"The New Inquisition," The Nation: http://www.thenation.com/article/new-inquisition?page=full
An excerpt:
Caldwell also suggests that Muslims are far more likely to commit violence against women. Under the heading "Virginity and violence," he writes that "there were forty-five [honor killings] in Germany alone in the first half of the decade." Since the argument here is that Muslims are more inclined to commit homicides against women in the context of "some trespass against sexual propriety," it would have been helpful if Caldwell had included, for the sake of contrast, the number of ethnic German women killed in incidents of domestic violence, as well as numbers for an entirely distinct and recent immigrant group, such as Eastern Europeans. Without such empirical comparisons, it is difficult to see how he can reach the conclusion he does, which is that "such acts make law. They assert sovereignty over a certain part of European territory for a different sexual regime." The label "honor killing" makes violence against women and girls sound like an exotic import rather than the pernicious and all-too-frequent reality that it is. Caldwell doesn't mention that domestic violence has been treated as a criminal problem in Europe thanks to the work of European feminists in the 1960s and '70s, and that now European Muslim feminists are working to create a similar zero-tolerance level about honor killings. Encouragingly, a recent Gallup study found that Muslims in Paris, Berlin and London disapproved of honor killings and crimes of passion about as much as the general French, German and British populations.

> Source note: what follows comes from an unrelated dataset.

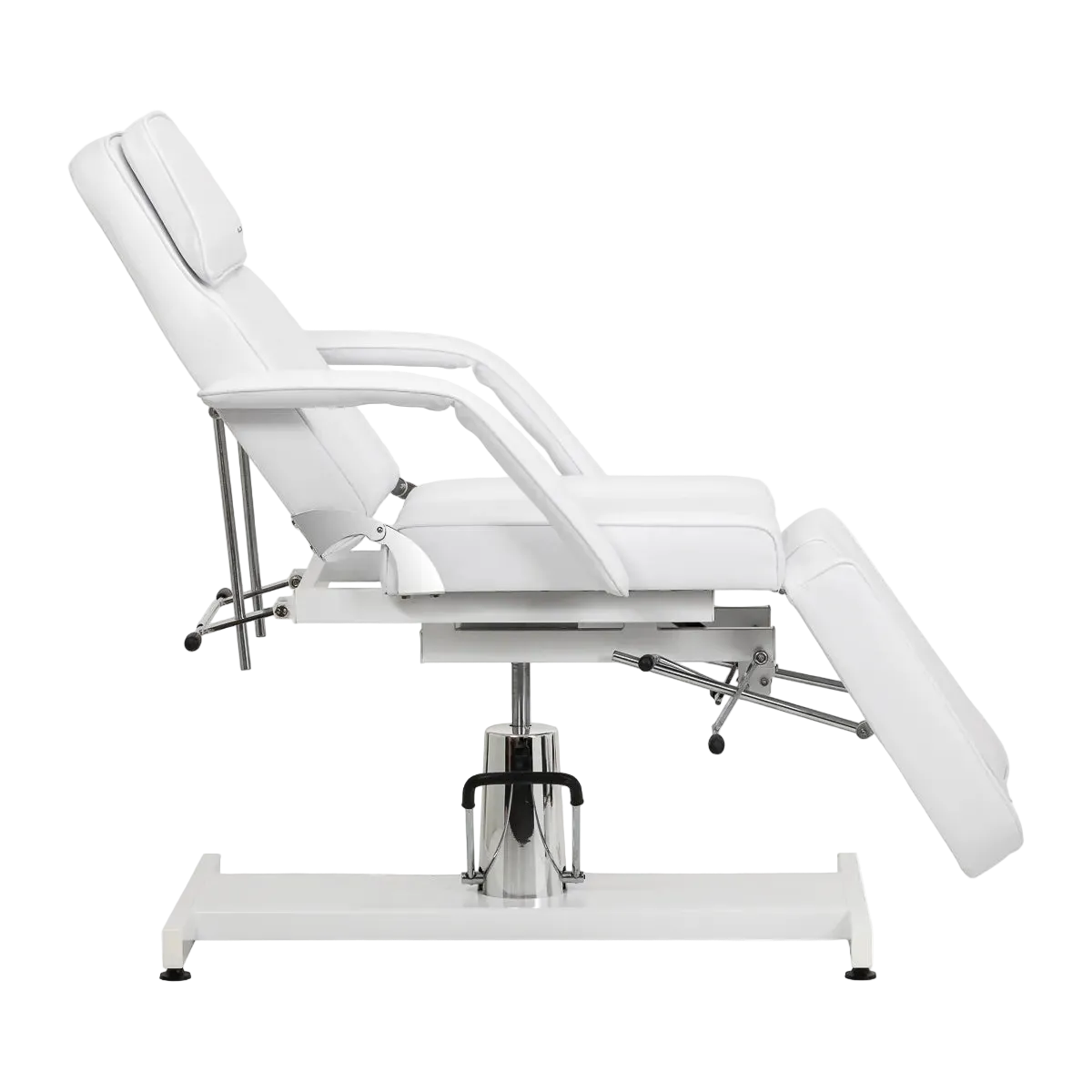 Fauteuil de pédicure hydraulique avec repose-pieds et fonction balancelle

And this is Noah Feldman's piece on shariah. I don't know anything about this subject. Take it for what it's worth: http://www.nytimes.com/2008/03/16/magazine/16Shariah-t.html
Oh come on. That's friggen absurd. It's asinine to suggest that there's nothing to distinguish the practice of honor killings from domestic violence against women that results in death.
ReplyDeleteBoth are horrendous, but honor killings are premeditated, "rationally calculated" acts based off of a perverse and evil system of justice (and often coordinated among several individuals).
Domestic violence generally comes in a huge array of forms, situations, and impetuses (none of them excusable). This includes those instances that result in murder.
It's insulting to one's intelligence to imply that they're no different. They're as different as a carefully planned violent bank-robbery and a violent street mugging.
Which is why they would be charged differently in a court of law (premeditation being an obvious factor, but not the only one).
I mean jesus...if we can't even agree that there is something distinguishable about the most extreme example of Islamist practice (Islamist not being the same thing as Islamic, btw), then what's the point of our even discussing this stuff?